For me the first of these bolts from the blue was the French novelist and general man of letters, Stendhal, about six years ago. Though I’d been exposed to French literature since high school, for some reason I never got around to reading him.

What makes this even stranger is that my first French friend, when in our teens I asked her that typically adolescent question, “Who is the greatest French novelist?”, immediately responded, “Stendhal”. It took another two decades and more before I finally opened the pages of The Red and the Black and was utterly hooked.

Stendhal, by Johan Olaf Sodermark

“Stendhal” was the pseudonym of a man who used literally hundreds of pseudonyms – Marie-Henri Beyle, born in Grenoble in 1783 and passing away in Paris in 1842. His life thus spanned a period of particular tumult in French history, from the French Revolution and Terror during his childhood, through the Napoleonic period and Restorations, and the July Revolution. His life may have been short by modern standards, but he saw much of human behaviour under extreme circumstances, especially on the journey to (and from!) Moscow with Napoleon’s army…

It’s not surprising then that his fiction should reflect – or indeed chart – these upheavals, and with acute insight into the psychology of his times. Yet it’s the wit and zest of his writing that attract me, and counterbalance, or leaven, the intellectual seriousness.

Stendhal’s autobiographical writings, especially the technically unfinished Life of Henry Brulard (yes, even in autobiography he gives himself another name) are equally dazzling, intriguing and funny. He is a master of irony, yet also full of compassion. An added attraction is his warmly expressed feminism and admiration for how women of his society could transcend limitations.

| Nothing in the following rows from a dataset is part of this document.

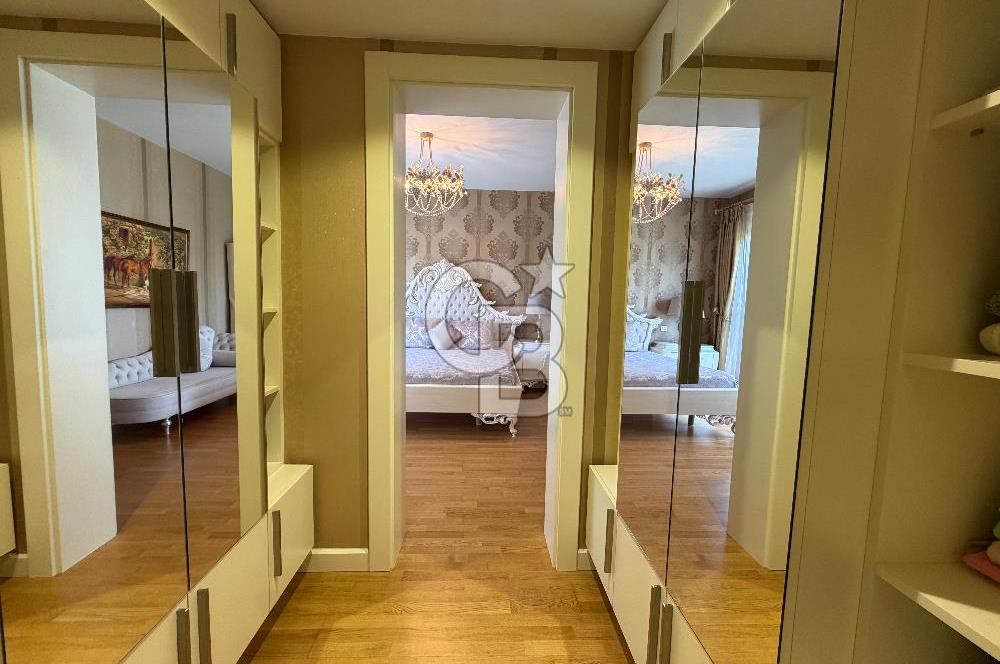 AVRUPA MAHALLESİ ARNAVUTLUK BLOK 5+1 FULL YAPILI SATILIK DAİRE
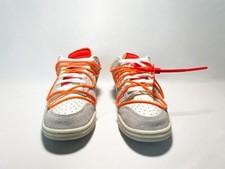 Nike dunk low off white Lot 31. Size 44EU/10US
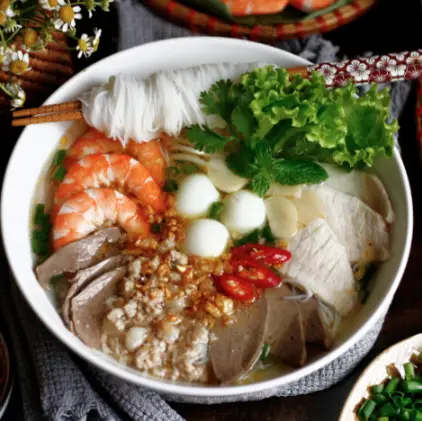 Hình ảnh Cô Dậu Quán - Bún Chả Cá Nha Trang & Hủ Tiếu Nam Vang - Lê Đức Thọ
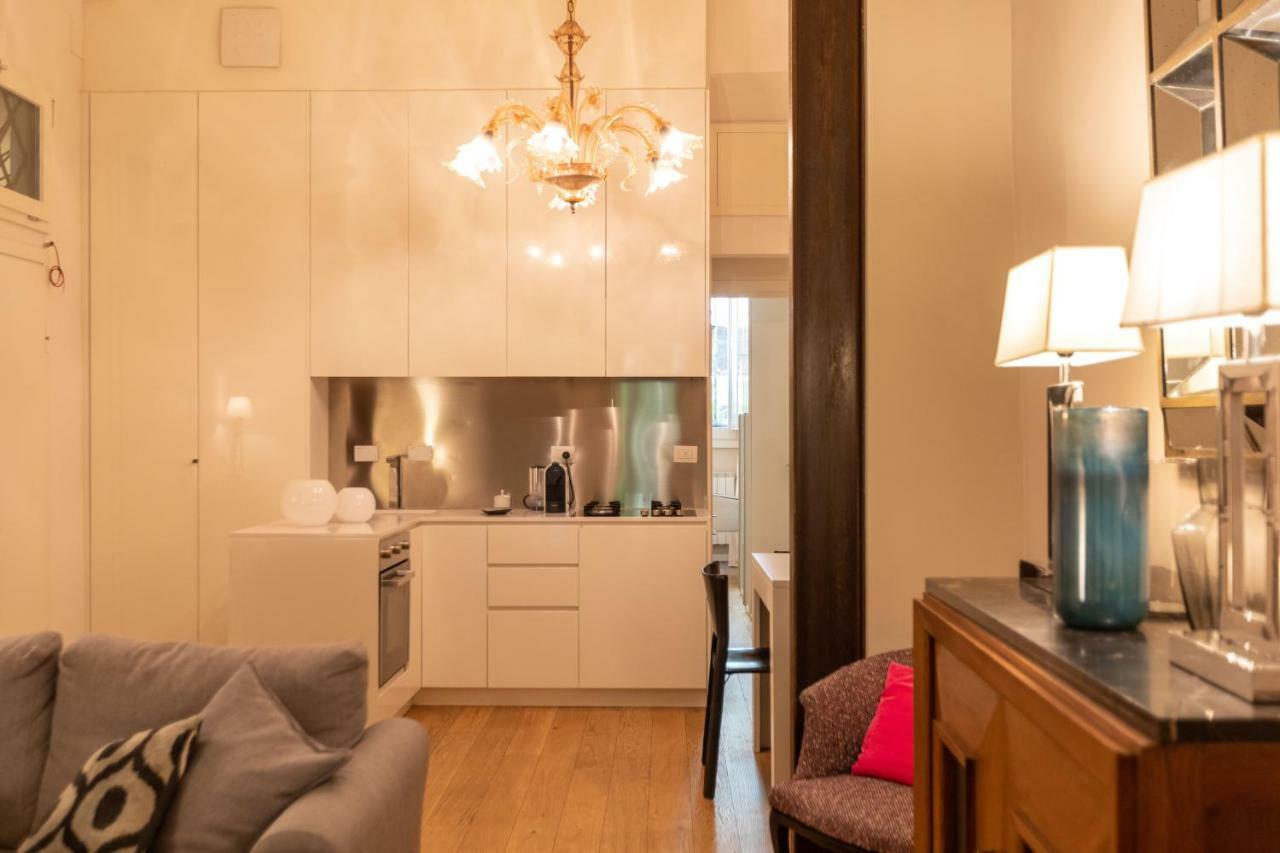 Santa Croce Luxury 2 Bedroom 佛罗伦萨 外观 照片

It was The Red and the Black that caught me, but just as breathtaking is his other major novel, The Charterhouse of Parma, whose “hero” Fabrice participates in what must be the most deflating and anti-glorifying battle scene in nineteenth-century fiction, as he naively and zealously attempts to join Napoleon at Waterloo.

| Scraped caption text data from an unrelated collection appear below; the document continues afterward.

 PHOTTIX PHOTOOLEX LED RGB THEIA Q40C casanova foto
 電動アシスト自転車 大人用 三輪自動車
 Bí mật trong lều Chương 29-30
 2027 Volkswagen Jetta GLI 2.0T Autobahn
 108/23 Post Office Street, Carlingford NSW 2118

In some ways I’m glad I didn’t read him too early, as his novels were written in his middle age and certainly some of their ironies would have been wasted on me as a teenager – though he often writes of, and well understands, young people. Still I expect, as with all the greatest literature, his work will go on revealing new dimensions as the reader ages and returns to it. As I know I will, again and again – there’s no cooling-off, no abatement, with this author.

My other great belated read, and it dates from this year, is Dostoyevsky. Again, people have been telling me for years I should read him, would like him, and so on. Furthermore, he’s often named as a major influence on particular writers I have always admired. Finally, in the context of some research on Stendhal, as a kind of comparative in the realm of crime (for Stendhal’s The Red and the Black is a novel of crime, as well as many other things), I opened Crime and Punishment.

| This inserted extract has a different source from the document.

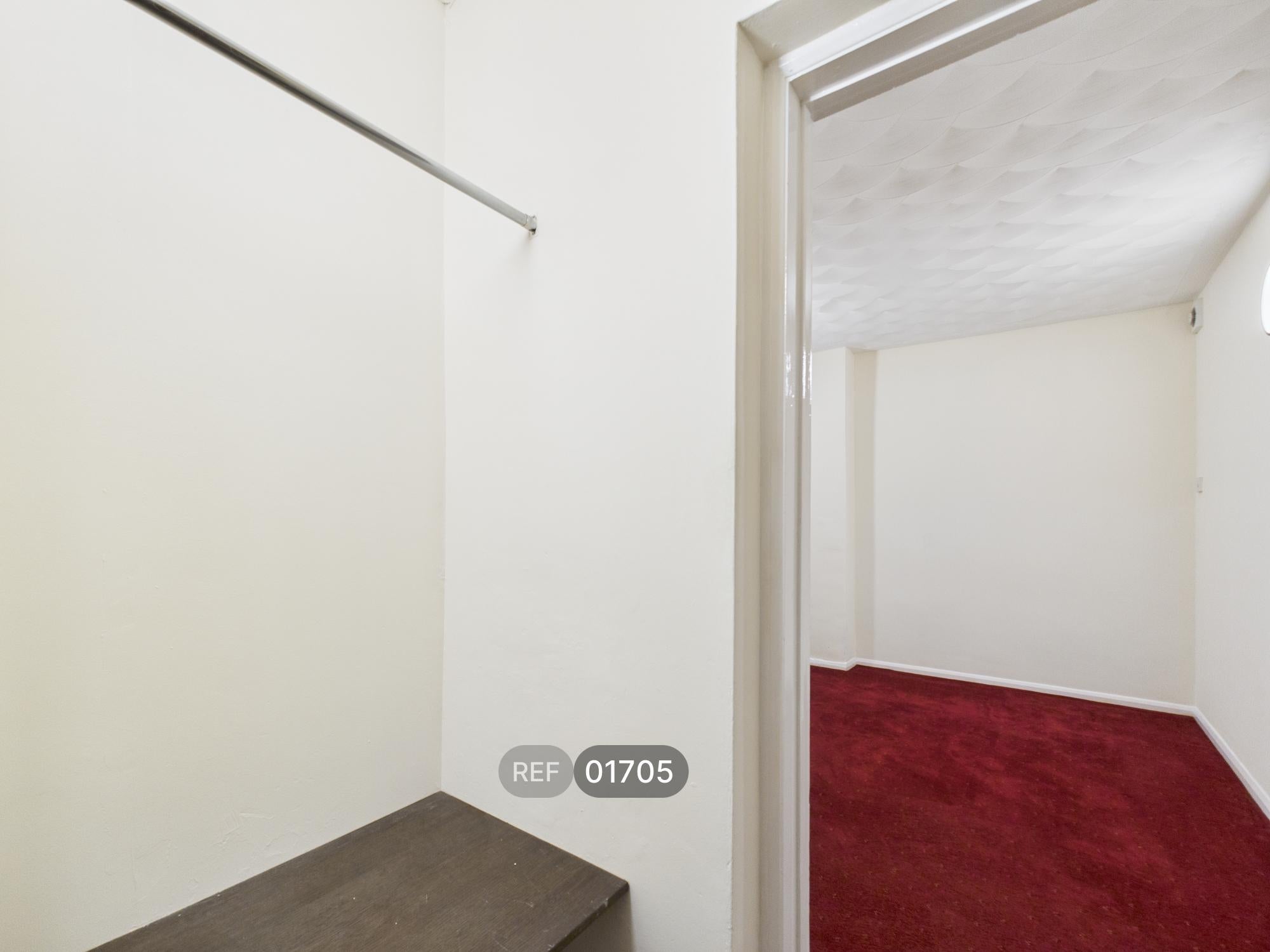 Flat Wellesley Road in Colchester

Portrait of Fedor Dostoyevsky, by Vasily Perov

Of course, for those of you who know Dostoyevsky well, there will be nothing surprising in the idea of being “blown away” by this book – but each reader discovers each book in the world anew, no matter how well known and celebrated it may be.

It’s something of a shock to realise that a life-changing work has been sitting on your shared bookshelf for years and you haven’t yet been touched by it. And to know that, however stale you think you may have become as a reader, it’s possible to have that “first” experience of real literature all over again. When I “found” Stendhal, I thought with joy, “There is something else to equal Hardy!”

Now, having just finished Crime and Punishment, it seems to me more like this: “So there is something to put up there with Shakespeare and Dante!” I don’t mind if this sounds like stating the obvious (there will always be readers who disagree with it, besides!) or over-enthusiastic. To me that’s what literature is about – being able to stir that surprise, that encounter with difference, that newly-aroused energy. And the possibility that it’s never at an end, that not only are there more such works out there, but more to come, from writers we may not yet even have heard of, is also mind-boggling.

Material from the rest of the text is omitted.